WASHINGTON — The Washington Football Team has hired a longtime entertainment executive from a different sport to reimagine what sideline entertainment will look like in the 2021 NFL season.
The team announced it has hired Petra Pope, an NBA executive with 33 years experience, to create a first-of-its-kind dance program for the team.
The move comes about a month after the team announced the removal of its cheerleading director, and the immediate pause of the cheerleading program as part of the team's overall rebranding.
“Petra’s NBA track record speaks for itself,” Jason Wright, Washington Football Team president, said in a release. “Teams across sports aspire to develop entertainment and halftime programs like the legendary creative work Petra was able to produce with the Knicks, Nets, Lakers, and Clippers. As we set out to modernize the Washington Football gameday, it’s important that we develop a top-notch entertainment program that keeps our fanbase excited and connected to the game and the team. We believe Petra is the ideal person to lead this charge and bring her extraordinary background to the gridiron.”
The team says Pope will be responsible for creating entertainment programs and hiring and training of its personnel. The team said the new dance team will include both men and women.

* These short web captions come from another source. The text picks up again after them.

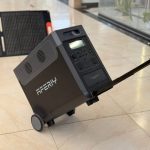 پاور استیشن 3600وات  قابل حمل Aferiy P310
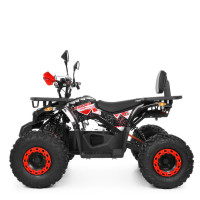 Дитячий електромобіль Квадроцикл HB-EATV1450H-P-2-3(MP3) V2 до 82 кг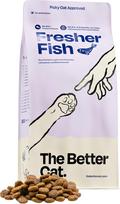 „The Better Cat“ super premium sausas kačių maistas, be grūdų, sausas, didelis mėsos kiekis, be cukraus, su probiotikais (1 kg, lašiša)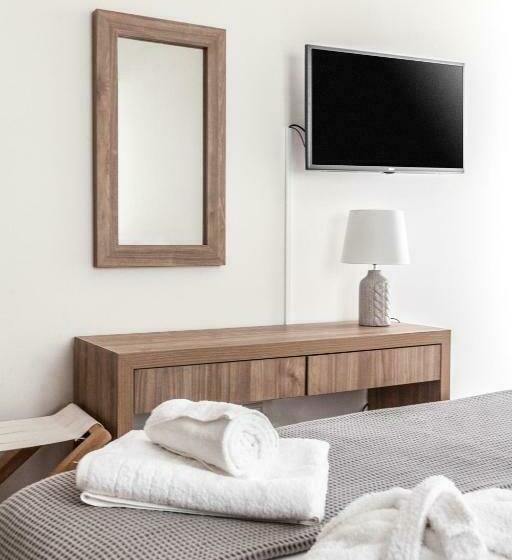 Апартаменты Deluxe 1 Спальня, Dn Sea Apartments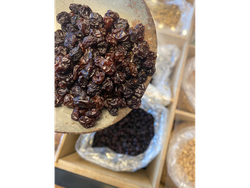 Pasas de uva premium Abaucan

Pope launched her 33-year career in the NBA with the Los Angeles Lakers, where she first made her stamp on gameday programming as the manager of the famous Laker Girls. Her success with the Lakers led to a 14-year role with the New York Knicks, during which she launched the Knicks City Dancers. In 2005, Pope joined the New Jersey Nets, where she eventually led the redesign of the team’s entertainment experience, coinciding with its move to Brooklyn and the Barclays Center.

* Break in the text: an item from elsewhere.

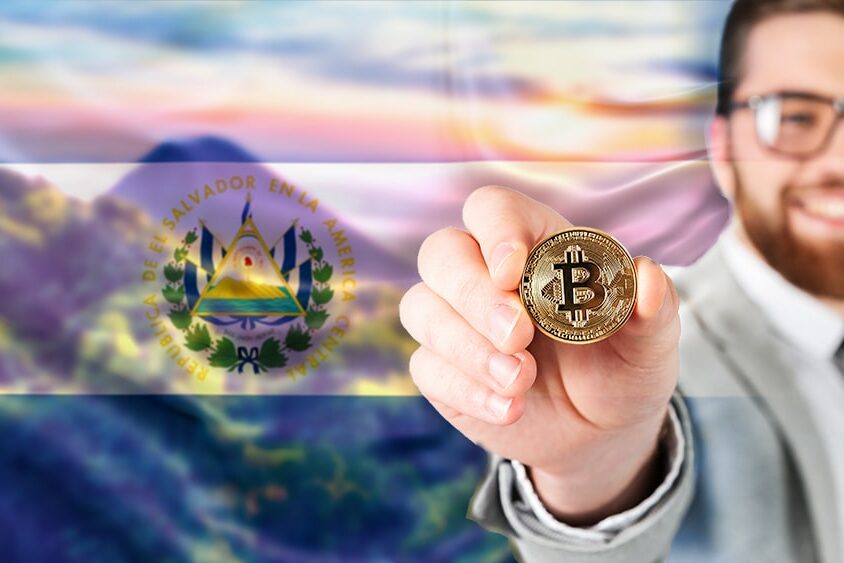 Bitcoin como moneda de curso legal en El Salvador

“The NBA has long embraced innovative dance and halftime shows, but most NFL teams have remained more oriented towards traditional cheerleading programs,” Pope said. “Last season, Washington established itself as the most forward-thinking, progressive organization in the league. It is fitting that it would be first to develop a vision of the future. Fans can expect an experience like none other – a gender-neutral and diverse squad of athletes and dancers whose choreography, costumes, props, tricks and stunts will rival the best entertainment across genres and really inspire and ‘wow’ our fans.”
The next step in the team's rebranding follows the team's other history-making hires in recent months. The Washington Football Team became the first team in history with a Black team president and a Black general manager after hiring Jason Wright and Martin Mayhew, and hired the first Black female assistant coach in the NFL with Jennifer King.
The changes come after reports of sexual harassment allegations within the Washington Football Team's operations back in September 2020. The NFL has since taken over the investigation.
The allegations were first broken by the Washington Post earlier this summer and came on the heels of the team abandoning its controversial logo and nickname, which had been used since 1933.
Fifteen women say they were sexually harassed and verbally abused while they worked for Washington's NFL team over the last 15 years, according to the Post's reporting.
Three of the employees with allegations made against them abruptly resigned or were fired, including longtime radio broadcaster Larry Michael, who retired, and the team’s director of pro personnel, Alex Santos, who was fired.